RECORDS FOR THE TASK:
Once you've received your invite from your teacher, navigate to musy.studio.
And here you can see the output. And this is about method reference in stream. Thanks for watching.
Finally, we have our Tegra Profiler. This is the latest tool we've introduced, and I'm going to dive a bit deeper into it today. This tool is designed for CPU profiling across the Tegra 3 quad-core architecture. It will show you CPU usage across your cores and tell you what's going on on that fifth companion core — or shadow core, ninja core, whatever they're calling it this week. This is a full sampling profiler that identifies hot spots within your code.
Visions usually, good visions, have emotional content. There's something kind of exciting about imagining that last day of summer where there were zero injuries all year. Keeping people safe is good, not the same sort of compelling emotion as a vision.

...

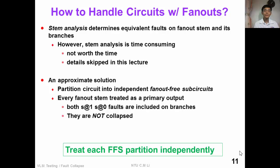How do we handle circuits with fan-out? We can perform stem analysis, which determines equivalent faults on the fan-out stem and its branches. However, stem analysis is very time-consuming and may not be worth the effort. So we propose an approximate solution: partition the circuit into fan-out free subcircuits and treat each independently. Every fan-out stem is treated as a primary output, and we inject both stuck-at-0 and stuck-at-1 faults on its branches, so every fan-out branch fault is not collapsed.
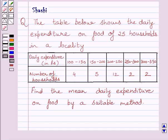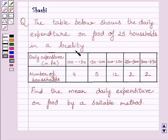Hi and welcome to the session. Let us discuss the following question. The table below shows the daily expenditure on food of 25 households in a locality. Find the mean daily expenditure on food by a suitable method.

---

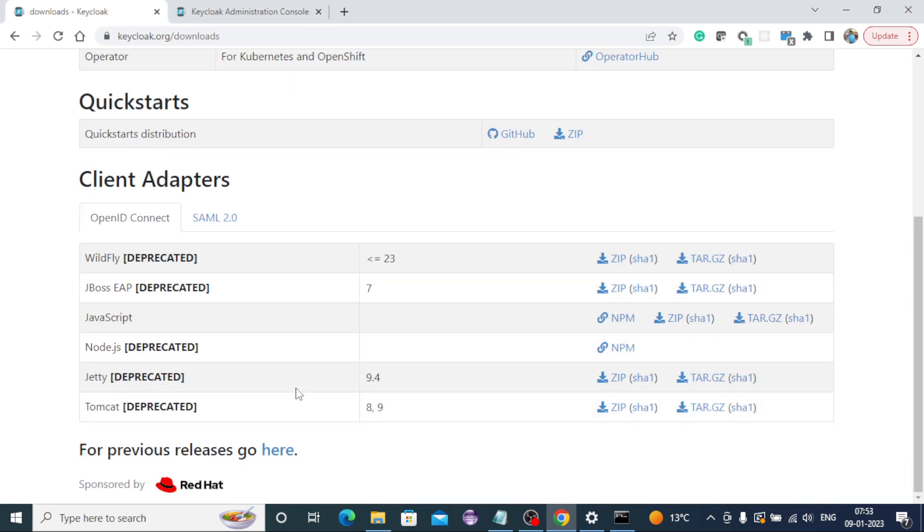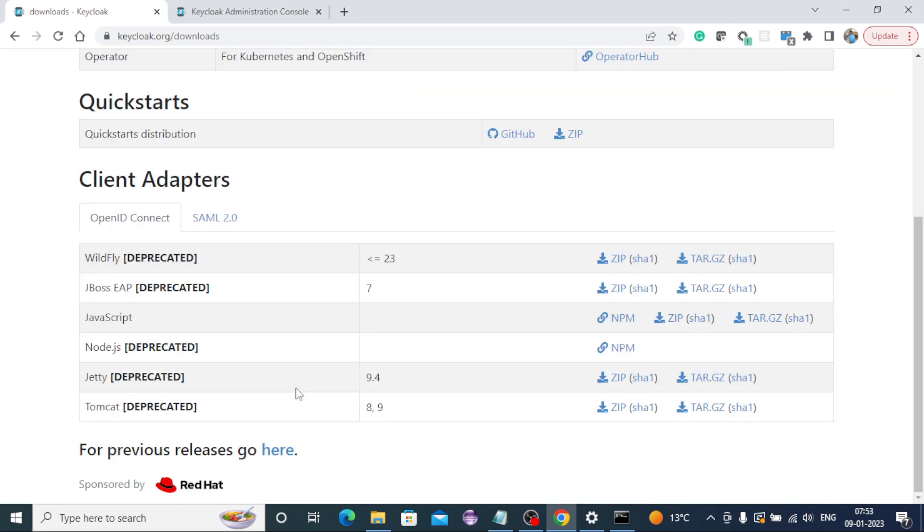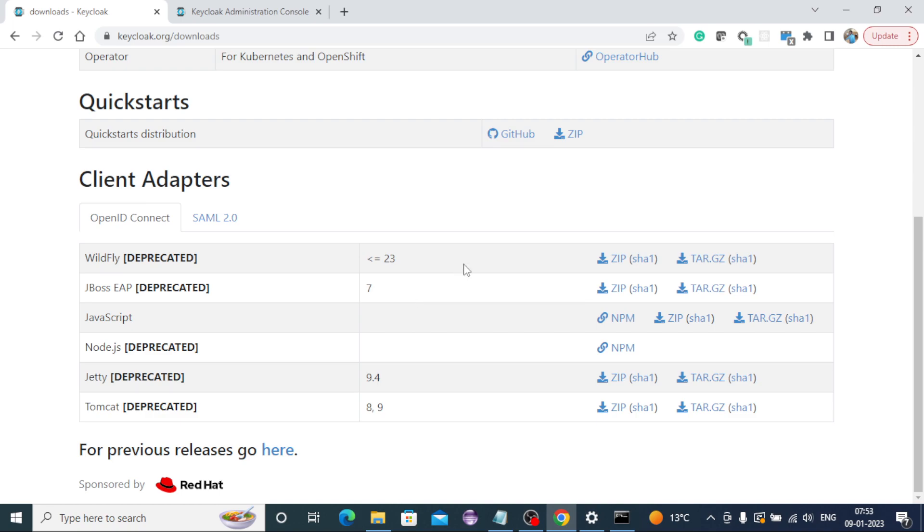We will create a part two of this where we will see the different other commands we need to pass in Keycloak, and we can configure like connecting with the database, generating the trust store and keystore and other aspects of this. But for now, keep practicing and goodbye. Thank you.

YOUR ASSIGNMENT: Lines from the records above that hold "have" are the ones to list.

SOLUTION BELOW:
Finally, we have our Tegra Profiler. This is the latest tool we've introduced, and I'm going to dive a bit deeper into it today. This tool is designed for CPU profiling across the Tegra 3 quad-core architecture. It will show you CPU usage across your cores and tell you what's going on on that fifth companion core — or shadow core, ninja core, whatever they're calling it this week. This is a full sampling profiler that identifies hot spots within your code.
Visions usually, good visions, have emotional content. There's something kind of exciting about imagining that last day of summer where there were zero injuries all year. Keeping people safe is good, not the same sort of compelling emotion as a vision.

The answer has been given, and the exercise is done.